Le projet de 15 millions de dollars, qui créera une quarantaine d'emplois, fait suite au démarrage de l'usine d'extrusion de Pexal Tecalum Canada. Celle-ci permet de profiler l'aluminium, une étape qui manquait cruellement à la région pour aller plus loin dans la transformation de l'aluminium.
La région a choisi d'utiliser son expertise existante pour élargir ses activités quand l'emploi a commencé à décliner chez ses piliers économiques - les grandes entreprises de la foresterie (pâtes et papiers, scieries) et de la première transformation de l'aluminium - au début des années 1980.
«On a décidé d'apporter de la valeur ajoutée et de se lancer dans les deuxième et troisième transformations de l'aluminium. Aujourd'hui, une centaine d'entreprises ayant une expertise pointue ont vu le jour, et elles emploient 26 000 personnes», explique Claudia Fortin, directrice générale du Centre local de développement (CLD) de la ville de Saguenay.
Néanmoins, cette stratégie a ses limites, car la dépendance au secteur traditionnel de l'aluminium subsiste.
«Le milieu pourrait être très fragilisé si le domaine de l'aluminium allait moins bien, puisque tout y est lié», observe Jean-Pierre Boivin, préfet de la MRC Maria-Chapelaine, qui connaît une forte dépendance à la foresterie encore aujourd'hui.

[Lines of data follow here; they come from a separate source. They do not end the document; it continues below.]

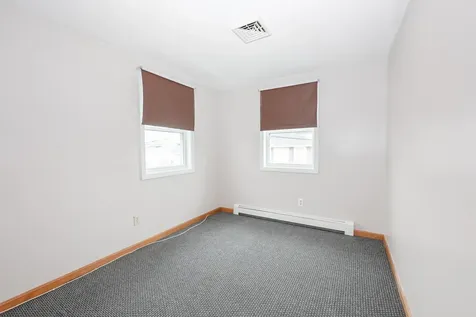 42 Brown Avenue Hampton NH 03842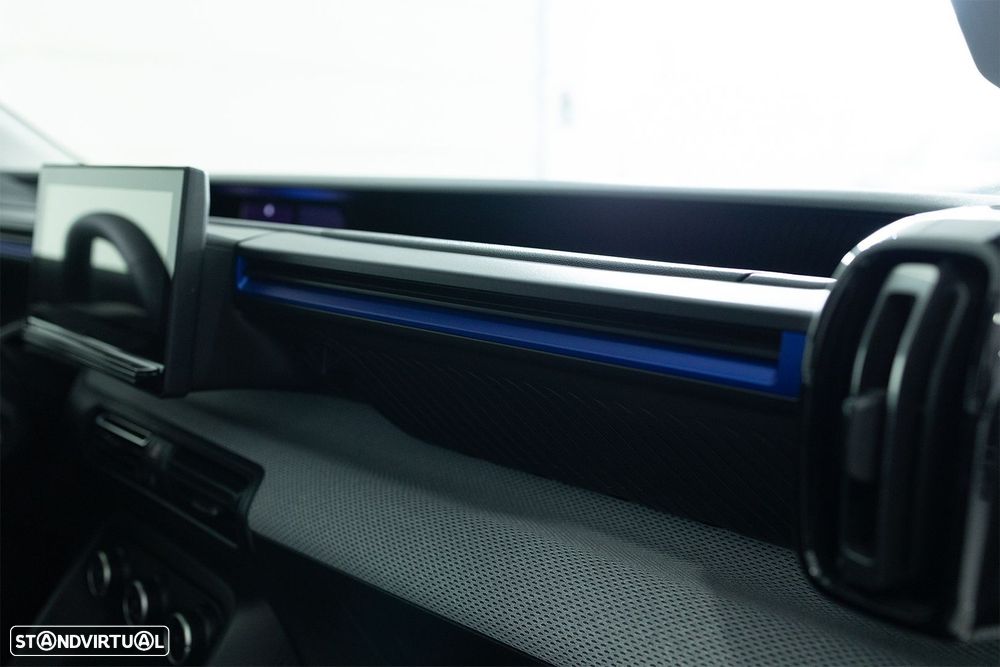 Citroën C3 1.2 Turbo Plus - 19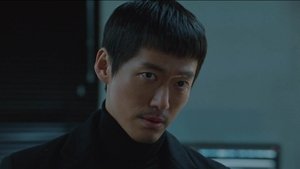 Poster for Mother and Son Poster for Mother and Son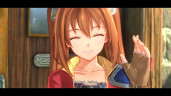 Trails in the Sky 1st Chapter, Steam Gift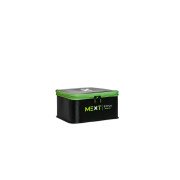 01_bolsa_mext_eva_bag_accesories_small_M0300001.jpg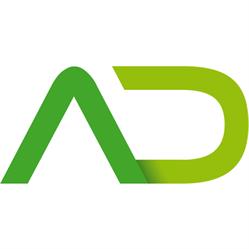 AlienData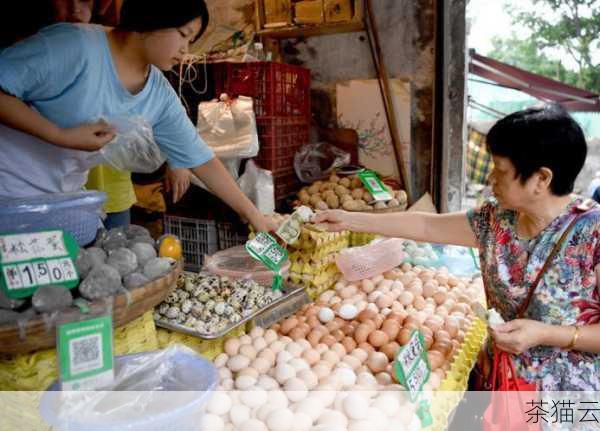 深度解析盐城网站优化,方法与重要性全知晓,深度剖析盐城网站优化,方法及重要性一览(图1) 在当今数字化的时代,网站已经成为企业、组织和个人展示自身形象、推广产品与服务的重要窗口,对于盐城的各类网站而言,优化工作显得尤为关键,盐城网站优化方法有哪些?盐城网站优化又具有怎样的重要性呢?让我们一起来深入探讨。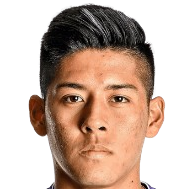 https://img.zhizhuzhibot.com.cn/img/football/player/bdd67c4ab71db194892a041e276b365b.png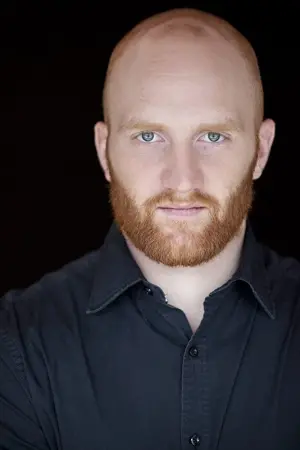 Фото Кристиан Джада #9794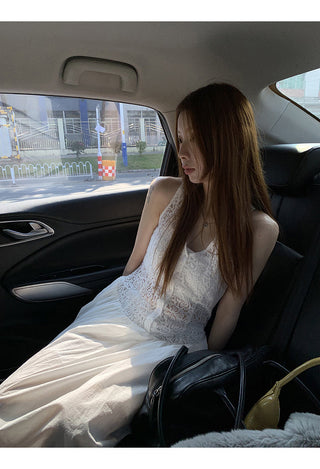 white lace dress 02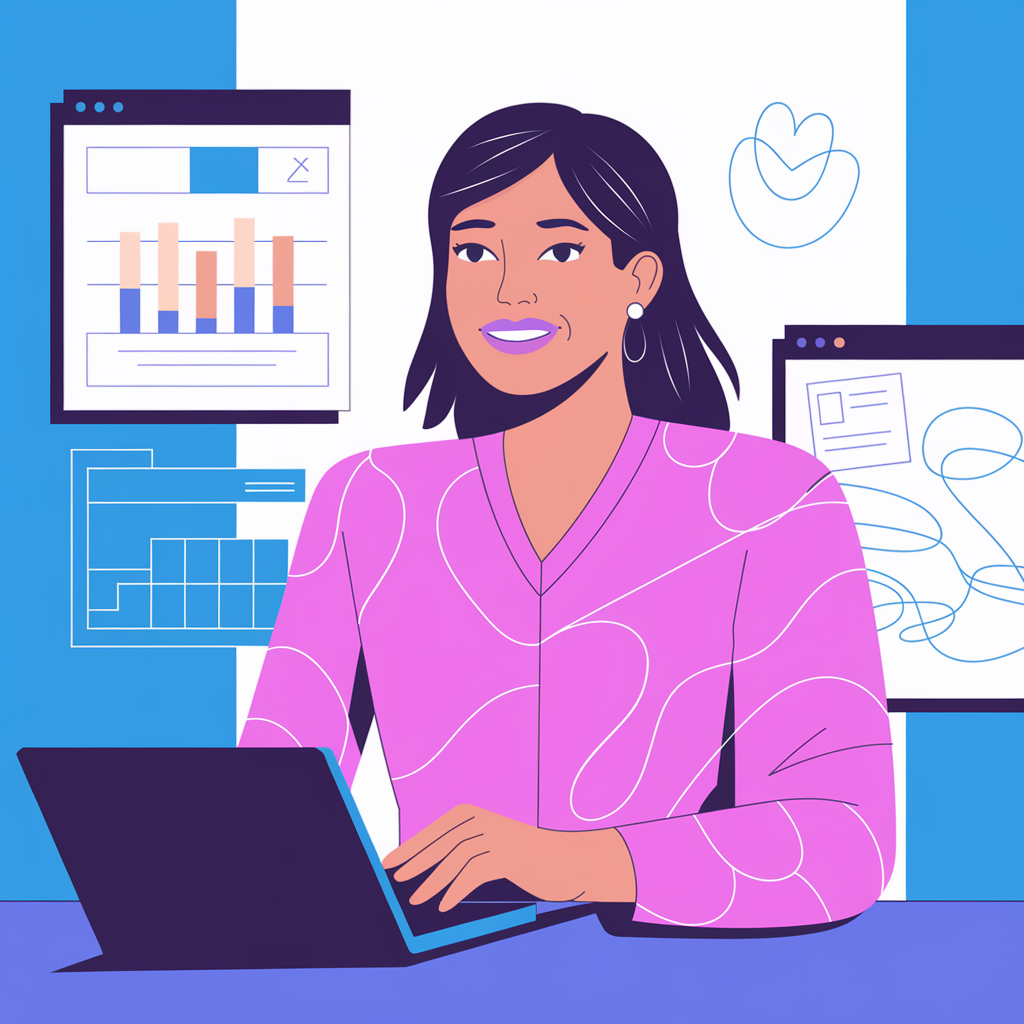 patient loyalty software for dental offices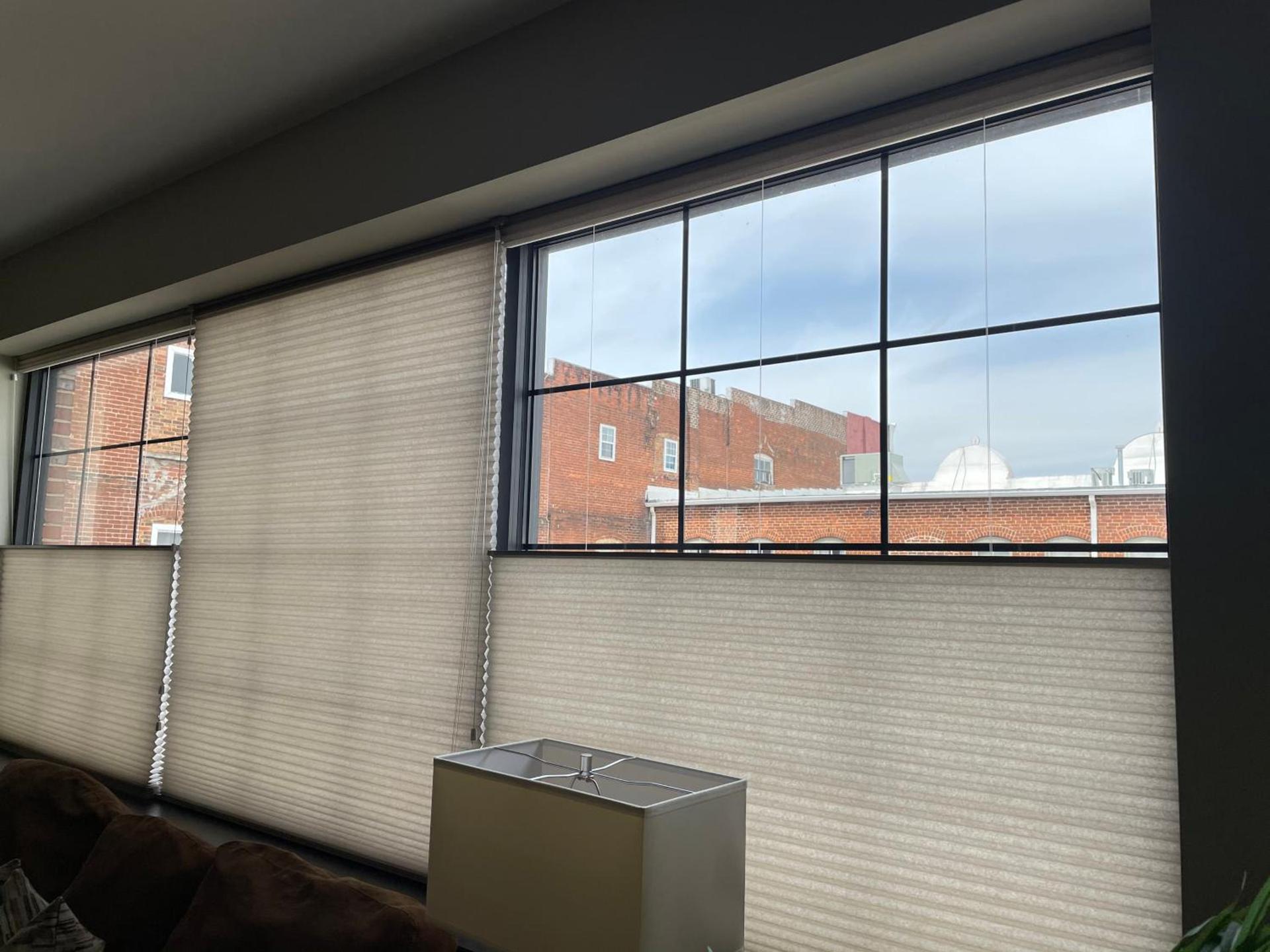 Culpeper Center Suites photo 8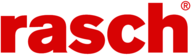 Rasch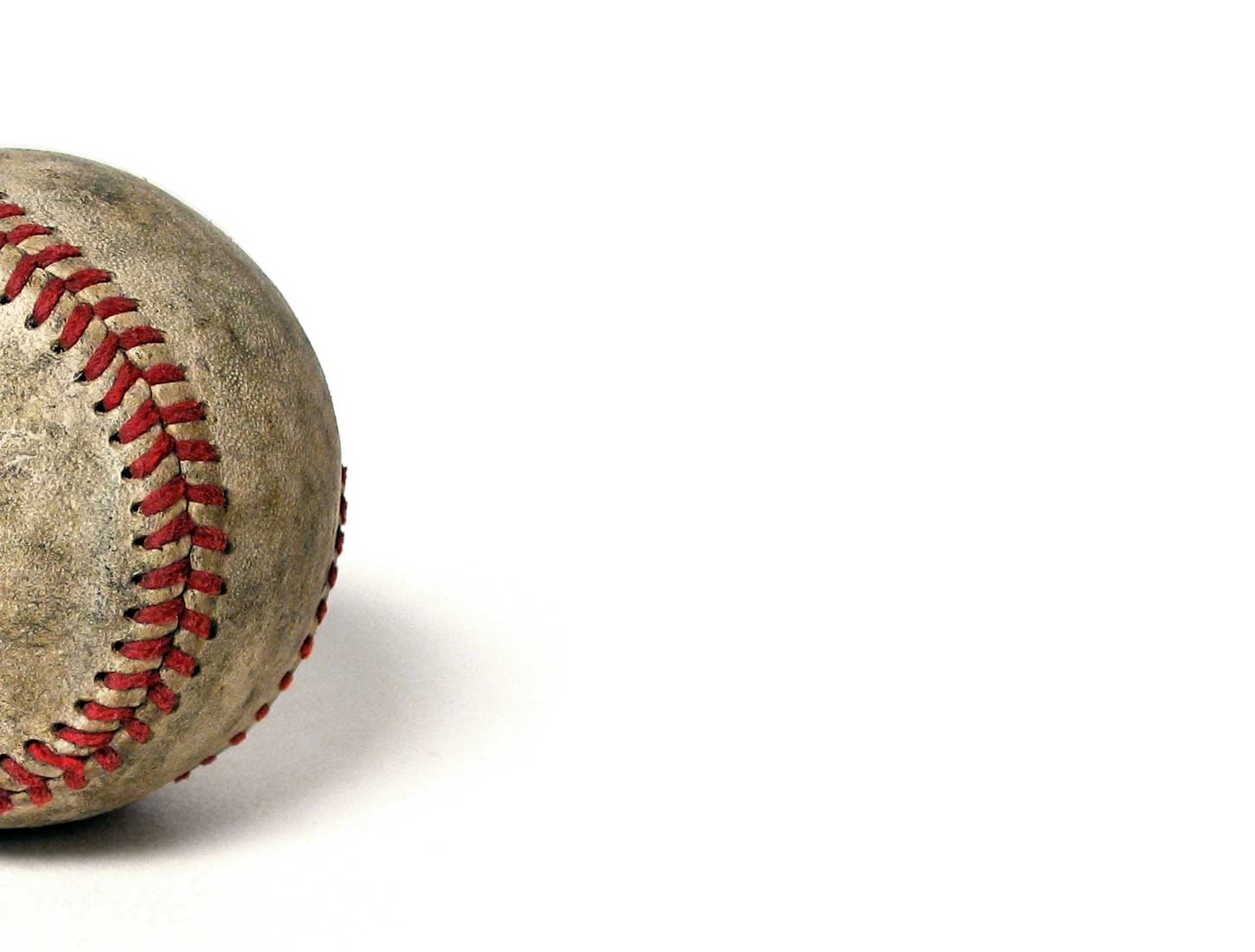 Baseball Backgrounds - Wallpaper Cave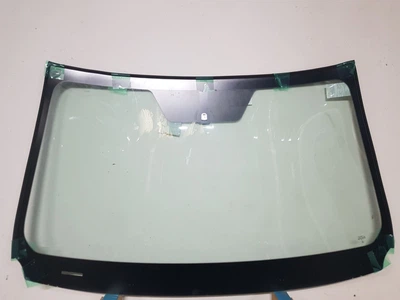 Лобове скло Toyota RAV-4 2013-2018 Pilkington 24395000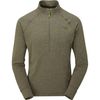 купить Одежда для спорта Rab Jacheta barbati Nexus Pull-On Light Khaki XL (QFF-74-LKH-XLG) в Кишинёве 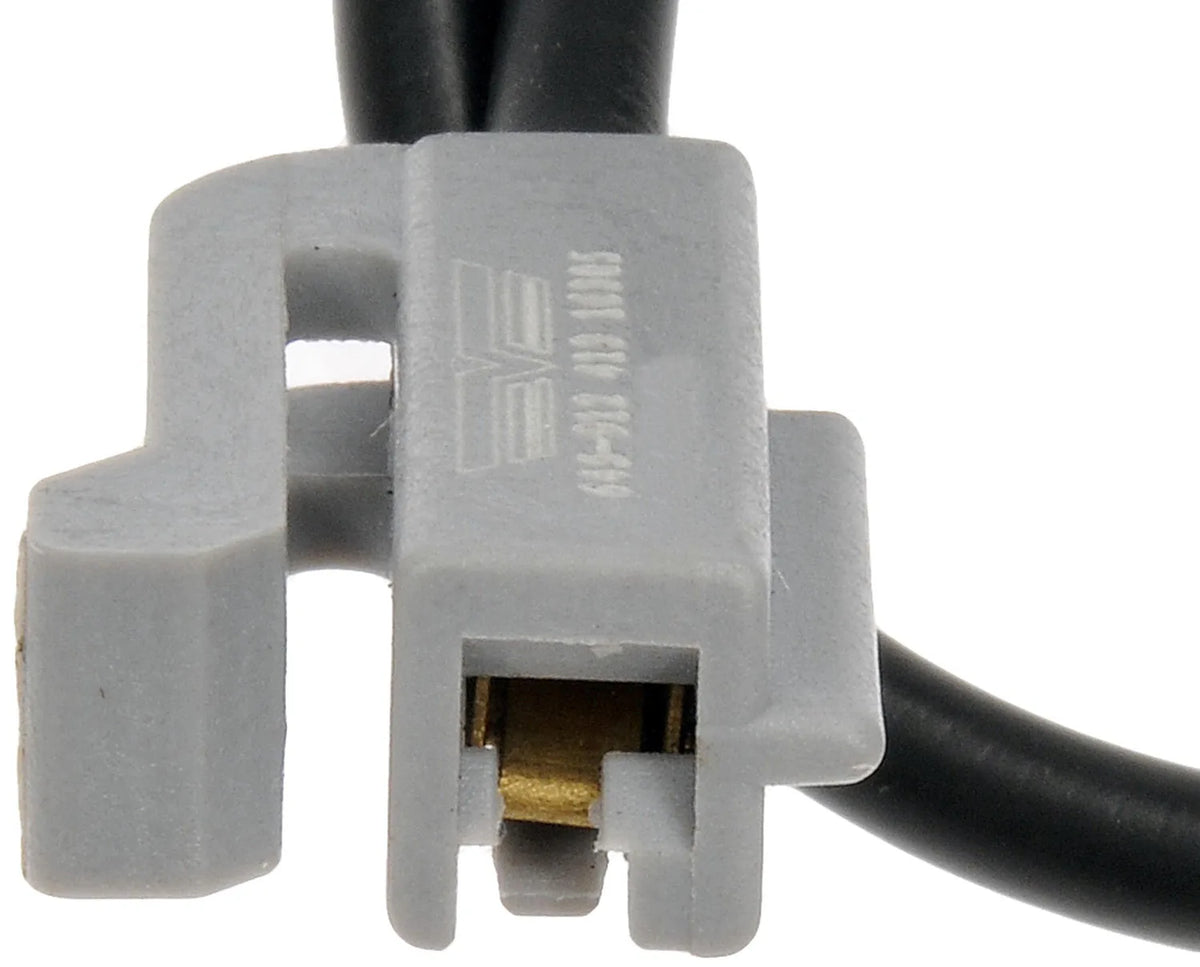 Dorman 645-912 2013-2015 Ford Flex Electrical Pigtail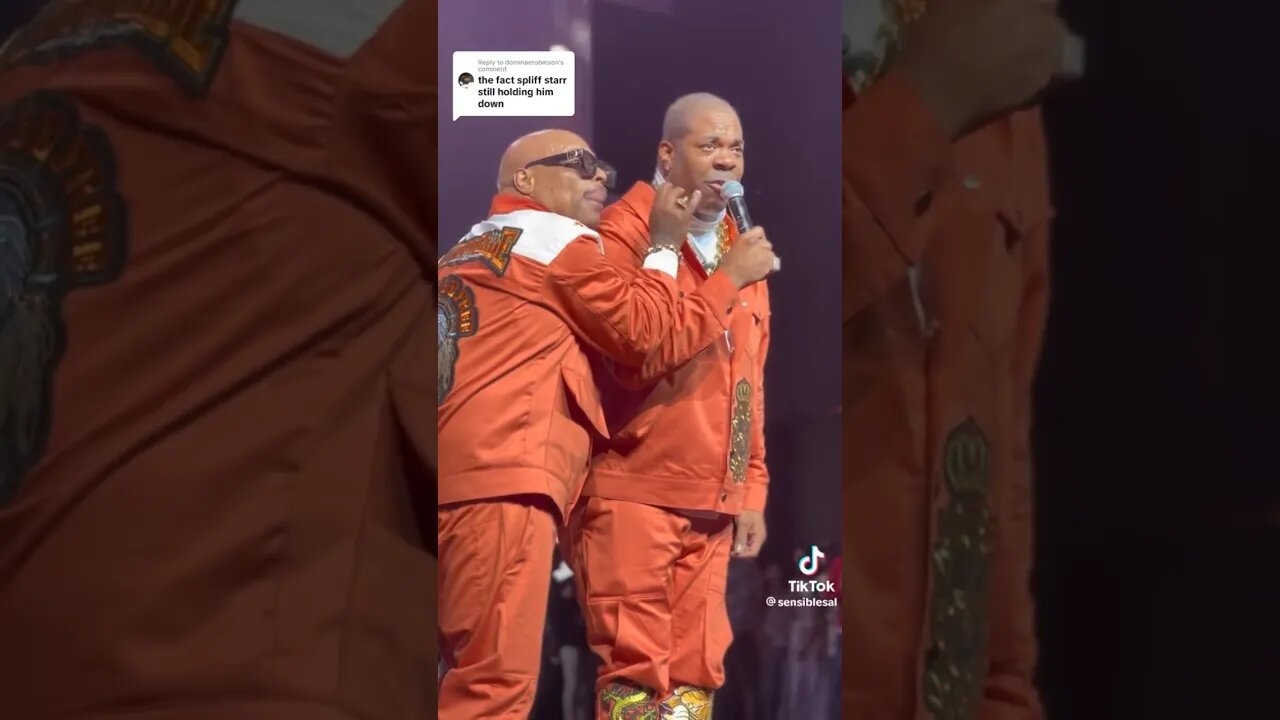 Busta Rhymes Big Monaco Chain. Ballin On A Budget #shorts #cubaknowknowsjewelry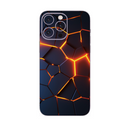 iPhone 14 Pro Max mobile phone skins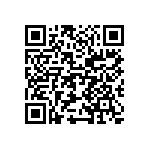 MB90F342ESPMC-GE1 QRCode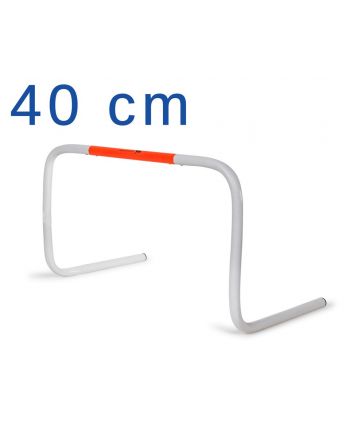 Płotek samowstający 40 cm koordynacyjny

«C'est sûr qu'il nous faut nous diversifier et ne pas tout miser sur un seul créneau», reconnaît Claudia Fortin.
Exploiter la forêt boréale autrement
Des entreprises ont déjà pris l'initiative de diversifier leur activité à partir de l'expertise acquise comme sous-traitant de grandes entreprises. C'est le cas du groupe Céger, dont fait partie le cabinet de génie-conseil Cegertec WorleyParsons. Rio Tinto Alcan a longtemps été le moteur de la croissance, mais le groupe a développé ses marchés et acquis une force de frappe provinciale.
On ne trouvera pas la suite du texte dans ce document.